Этическая мысль: современные исследования - страница 153
Однозначно определить ее характер не представляется возможным, поскольку феномен толстовской философии «относится к категории широких миросозерцаний», исходно ориентированных на «житейский прагматизм», [305] т. е. на непосредственное нравственное устроение жизни, а не на ее метафизическое объяснение. [306] Однако, несмотря на очевидное желание русского мыслителя уйти от бесполезного и бесплодного, с его точки зрения, вопрошания о том, «что есть жизнь», дабы все свои интеллектуальные и душевные силы направить на решение главного вопроса – «как жить», ему так и не удается полностью избежать онтологизации «моральной проблемы» жизни, которая предстает у него в своей подлинной «онтологической глубине». [307]

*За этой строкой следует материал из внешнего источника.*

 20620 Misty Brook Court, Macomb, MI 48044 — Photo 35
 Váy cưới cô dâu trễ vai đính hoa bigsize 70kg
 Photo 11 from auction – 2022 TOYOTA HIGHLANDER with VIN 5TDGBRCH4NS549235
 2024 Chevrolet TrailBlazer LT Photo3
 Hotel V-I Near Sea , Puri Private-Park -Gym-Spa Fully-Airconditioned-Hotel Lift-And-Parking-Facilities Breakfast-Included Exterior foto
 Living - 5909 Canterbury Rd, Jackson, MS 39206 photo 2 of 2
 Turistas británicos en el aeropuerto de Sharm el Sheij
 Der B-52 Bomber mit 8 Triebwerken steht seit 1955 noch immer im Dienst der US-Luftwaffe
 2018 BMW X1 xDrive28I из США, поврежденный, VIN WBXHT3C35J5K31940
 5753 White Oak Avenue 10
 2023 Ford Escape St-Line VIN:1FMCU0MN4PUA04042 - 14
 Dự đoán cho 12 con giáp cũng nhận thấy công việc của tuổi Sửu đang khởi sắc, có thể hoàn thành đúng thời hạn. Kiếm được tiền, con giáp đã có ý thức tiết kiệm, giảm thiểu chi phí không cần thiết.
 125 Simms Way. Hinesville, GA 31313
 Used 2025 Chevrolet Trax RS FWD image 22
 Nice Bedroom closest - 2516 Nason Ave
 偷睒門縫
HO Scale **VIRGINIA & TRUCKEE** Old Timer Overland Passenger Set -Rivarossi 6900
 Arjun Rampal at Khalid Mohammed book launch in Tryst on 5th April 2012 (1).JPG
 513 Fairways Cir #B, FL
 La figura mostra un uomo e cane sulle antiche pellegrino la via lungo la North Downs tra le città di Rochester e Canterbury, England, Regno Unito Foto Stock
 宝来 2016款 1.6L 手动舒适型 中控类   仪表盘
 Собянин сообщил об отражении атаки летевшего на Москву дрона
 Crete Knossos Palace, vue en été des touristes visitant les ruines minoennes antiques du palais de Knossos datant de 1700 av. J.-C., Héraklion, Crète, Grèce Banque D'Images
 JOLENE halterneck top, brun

Можно сказать, что в Л.Н. Толстом причудливым образом соединились последовательный и убежденный моралист и стихийный метафизик, причем первый явно нуждался во втором гораздо больше, чем наоборот. Это объяснялось прежде всего тем, что только настоящий метафизик был в состоянии интуитивно почувствовать всю остроту необходимости обретения человеком надежных онтологических основ и гарантий личного бытия как искомой точки отсчета системы моральных координат его жизни. Иначе говоря, указать моралисту на то, что в отсутствии изначально-бытийной «воли к жизни» теряют всякий смысл любые попытки нравственно «устроить» [308] ее.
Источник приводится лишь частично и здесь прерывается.